Is it because of the decrease in water level and then the increase again? 

I use about the same temperature water but is basically RO with a TDS of 20, 0 gh and kh compared to my tank with around a gh of around 6-7. I do however add minerals back into it with a GH booster. 

So do your fish seem "happier" after a large water change? Similar to how shrimp molt after a water change.


----------



## Kyrol (Feb 24, 2012)

Mine just panic and hide in the plants other then the tiger barbs that just attack me the entire time I put anything in the tank.


----------



## driftwoodhunter (Jul 1, 2011)

Yes, my fish really do seem happier - at least wound up & more active. I use a slightly cooler water temp and they swim through it constantly as I add the water. Often I get sparing/spawning behavior from the celebes rainbows, harlequin rasboras, and Columbian tetras immediately after a water change. (the Columbians did spawn, too - don't know if water changes had any influence).


----------



## steven p (Jun 22, 2012)

I just pick up a 4 or 5 gallon bucket and pour it in... Guppies seem to love it, they race into the current as best they can snapping at the air bubbles trapped in the water. My cichlids, S.A. and African, hide from view. My catfish scamper around and forage. Neon tetras? They hide from me too..


----------



## driftwoodhunter (Jul 1, 2011)

My neon tetras always hide from me - I don't think I'll get anymore...


----------



## WATduh (Feb 27, 2011)

I think my water changes intrigue my fish. My Bolivian Rams actually nip at the siphon hose. The neons and glowlights don't really care and will just group up at the other end of the tank. The Black Skirts do laps around the tank. The hatchets don't seem to mind and act as if nothing is happening. The peppered corydoras do hide out during water changes.

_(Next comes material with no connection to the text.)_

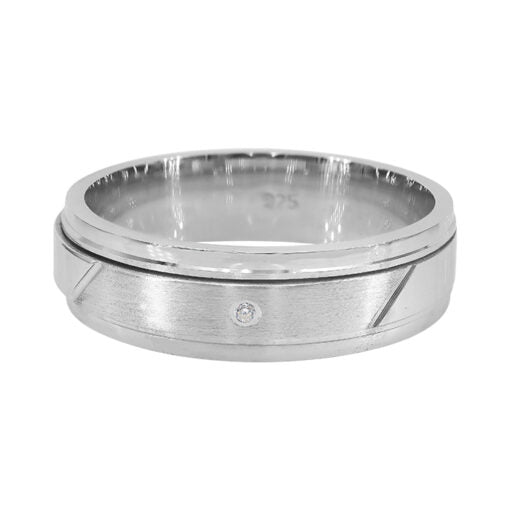 Satin Spin Ring with Cubic Zirconia - ACZ1660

Interestingly enough, my peppered corys tend to spawn right after a WC... I read somewhere that the cooler water entering the tank simulates rainfall, which entices them to breed.

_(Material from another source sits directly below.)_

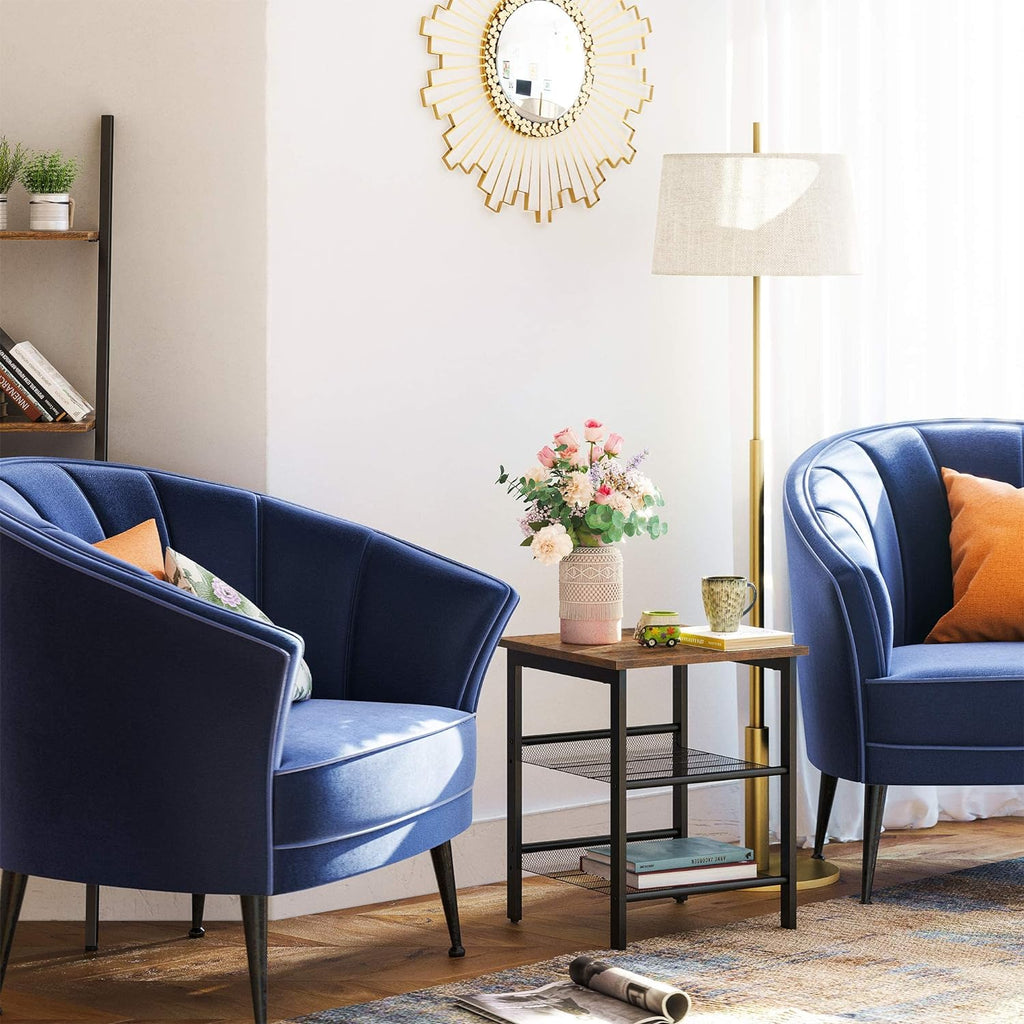 VASAGLE Set de 2 noptiere, cu cadru metalic, blat MDF, rafturi reglabile, 40x40x50cm, maro rustic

But after I'm done, it just seems like business as usual.


----------



## Diana (Jan 14, 2010)

My fish also behave like they are very happy with the new water. Many of them swim right into the current, and most of them are more active for several hours or a day or so after a water change. 

The only fish that attacked my hands were Jewel Cichlids. 
Others may nibble a bit, or check my fingers to see if I have food, but they do not bite or attack.


----------



## plantbrain (Dec 15, 2003)

Mine eat and go nuts, they love it. DO levels go from 7-8 ppm to around 9ppm.

Temp is the same in coming from my tap, but do you know why O2 goes well above saturation? It comes in cold, which holds more O2, then in a sealed heater, it is warmed up. Then released into the tank where it slowly degasses out.

So the fish get a good O2 shot ....if you will.

I always feed a little extra on WC day.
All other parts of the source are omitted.